「100ます計算」で有名な陰山英男氏のコメントで
「丸暗記でも点数があがれば、子どもはもっと勉強しようと意欲を持つ。意欲が可能性を広げる。子どもを伸ばす最も方法は、テストで良い点を取らせること、これにつきる。」
というのがあった。
どんなに頑張らせても学力が伸びない場合、全く同じ問題を最低3日間続けてやらせるのだそうだ。
ここでのポイントは”全く同じ問題”ということ。

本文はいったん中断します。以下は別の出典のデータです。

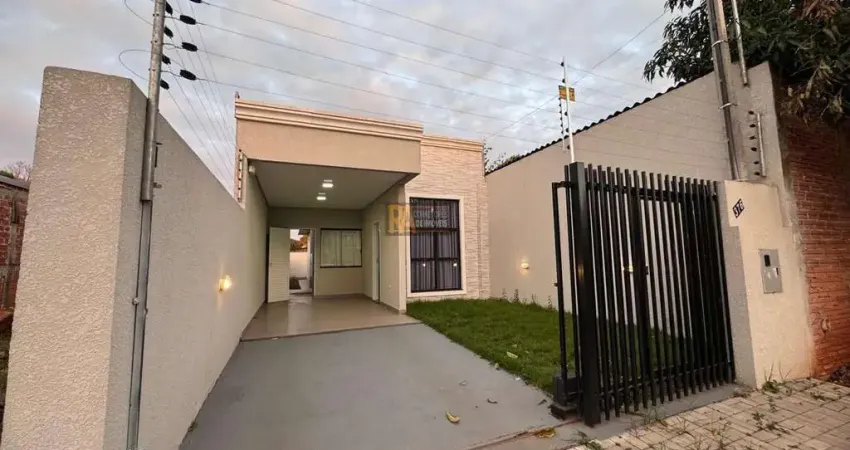 Casa para Venda em Foz do Iguaçu, Parque Residencial Santa Rita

ちょっと数値を変えたり、アレンジしたりは一切しないことが大切だそうだ。
当然「丸暗記は思考力の対局にあり、子どもの頭を固くしてしまう」という反論がでるそうであるが、実はこの丸覚えこそが学力の基本であると氏は主張している。
学習の段階において、何が大切であるかは異なってくる。
能や武道においても言われる「守・破・離」も、最初は丸暗記と同じ「守」から入るのを基本としている。
要するに学習意欲(モチベーション)を下げないという最も大切なことを守りながら学ぶためには、個々人の段階に応じた内容を行うのがベストということであろう。

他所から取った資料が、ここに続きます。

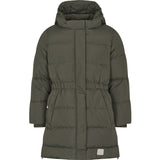 MarMar Tech. Puffer Dark Moss Oxford Coat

そんなことが可能なのかと思っていたら、『イノベーションのジレンマ』の著者として有名なクレイトン・M・クリステンセンが、「コンピューターを用いて、規制された標準的な教育を破壊し、生徒一人ひとりの違いに合わせた学習の個別化をすすめるべき」という教育論を述べていた。
認知教育学の第一人者ハワード・ガードナーに影響を受けたとのことで、
「ある人にとって当然のことがある人にとっては混乱の種だったりする。知性のタイプは多様であり、学習スタイルも多様にあるべきである。コンピューターの”本質的にカスタマイズ可能”という長所を使って、生徒一人ひとりに対して教育をカスタマイズする必要がある。」
と主張している。
実現できたら素晴らしいことだと思いつつ、どのようにカスタマイズすべきなのかについてはこれからもっともっと研究が必要である気がする。
そんなことを考えていたら、「超整理法」の野口悠紀雄氏が
「外需依存型の現状の日本経済復興のためには、内需依存型への転換が必要であり、その施策案として出生率向上施策を打ち出し、養育と教育のために資源を振り向けるべきだ」と主張していた。
”環境””農業”に引き続き、これからは『学び』の分野が熱くなるかも知れない。